**Problem details**
Each line below should be repeated exactly, but no picture should be carried over.

**Given material**
------------------------------------------------

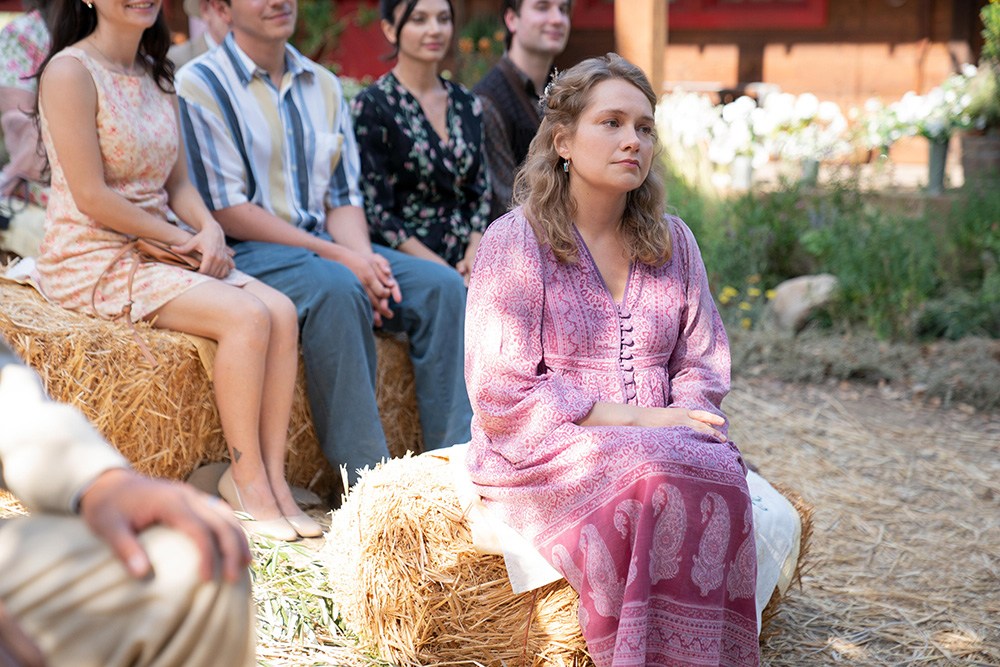 Tiny Beautiful Things -- "Go" - Episode 107 --  Clare and Amy attend a writer’s retreat, but when Amy gets great news, Clare can’t help but question if her sacrifices for Danny and their family have been holding her back. As she remembers her first marriage to Jess, she wonders: should she stay or go? Frankie (Merritt Wever), shown. (Photo by: Jessica Brooks/Hulu)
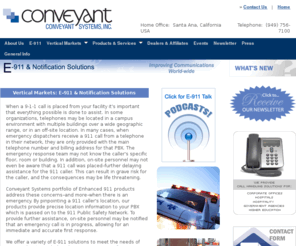 nortel-e911.com: E-911 & Notification Solutions By Conveyant Systems, the Industry-Leading PC Console Provider
Conveyant Systems portfolio of Enhanced 911 products and services gives you the tools you need to protect your people and organization when there is an emergency.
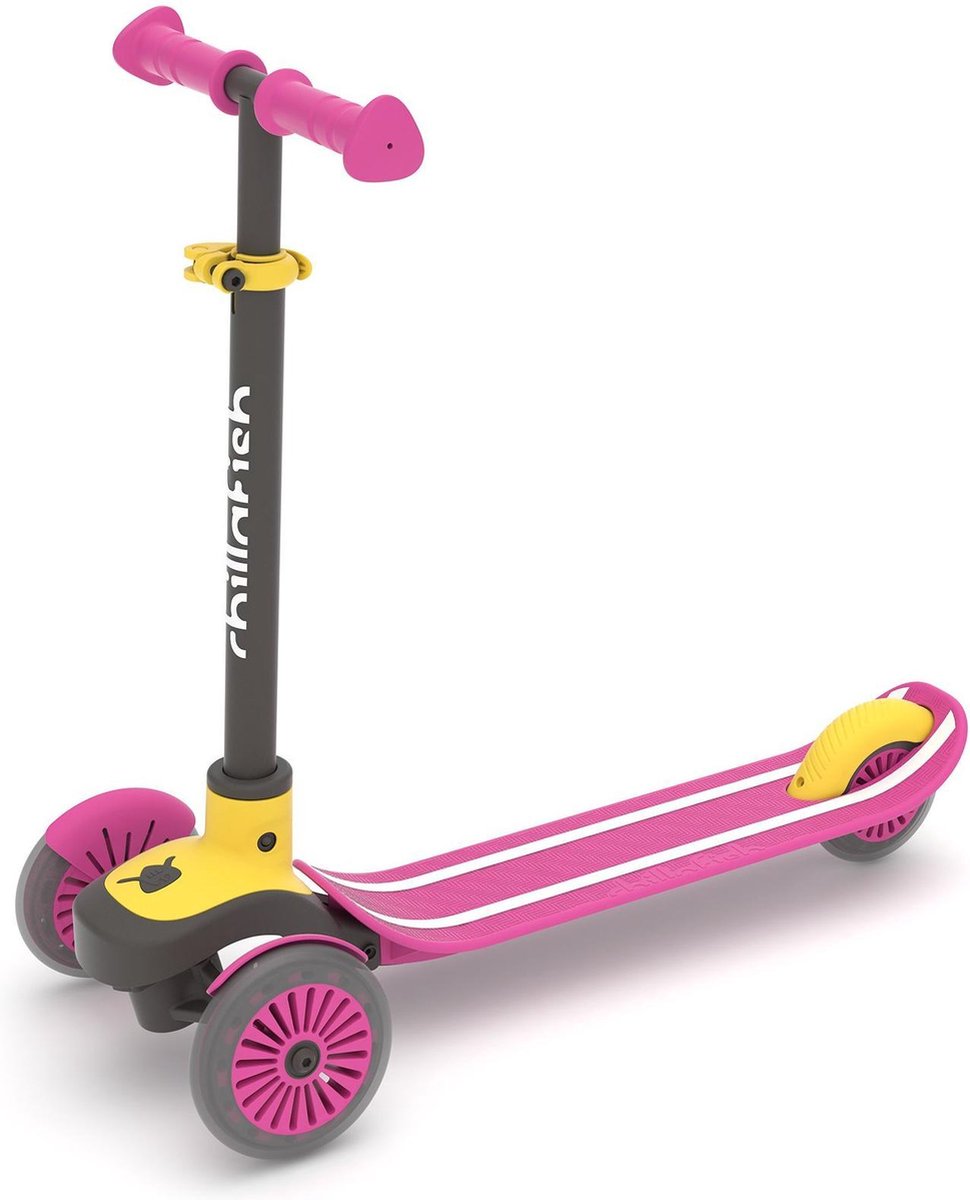 Chillafish Kinderroller 3 Jahre mit drei Rädern – rosa gelb – leichter Roller für Mädchen mit abnehmbarem Lenker und Fußbremse – höhenverstellbar – zum Lenken geneigt – extra Griffe – Modell Scotti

------------------------------------------------

**Answer box**
 Tiny Beautiful Things -- "Go" - Episode 107 --  Clare and Amy attend a writer’s retreat, but when Amy gets great news, Clare can’t help but question if her sacrifices for Danny and their family have been holding her back. As she remembers her first marriage to Jess, she wonders: should she stay or go? Frankie (Merritt Wever), shown. (Photo by: Jessica Brooks/Hulu)
 nortel-e911.com: E-911 & Notification Solutions By Conveyant Systems, the Industry-Leading PC Console Provider
Conveyant Systems portfolio of Enhanced 911 products and services gives you the tools you need to protect your people and organization when there is an emergency.
 Chillafish Kinderroller 3 Jahre mit drei Rädern – rosa gelb – leichter Roller für Mädchen mit abnehmbarem Lenker und Fußbremse – höhenverstellbar – zum Lenken geneigt – extra Griffe – Modell Scotti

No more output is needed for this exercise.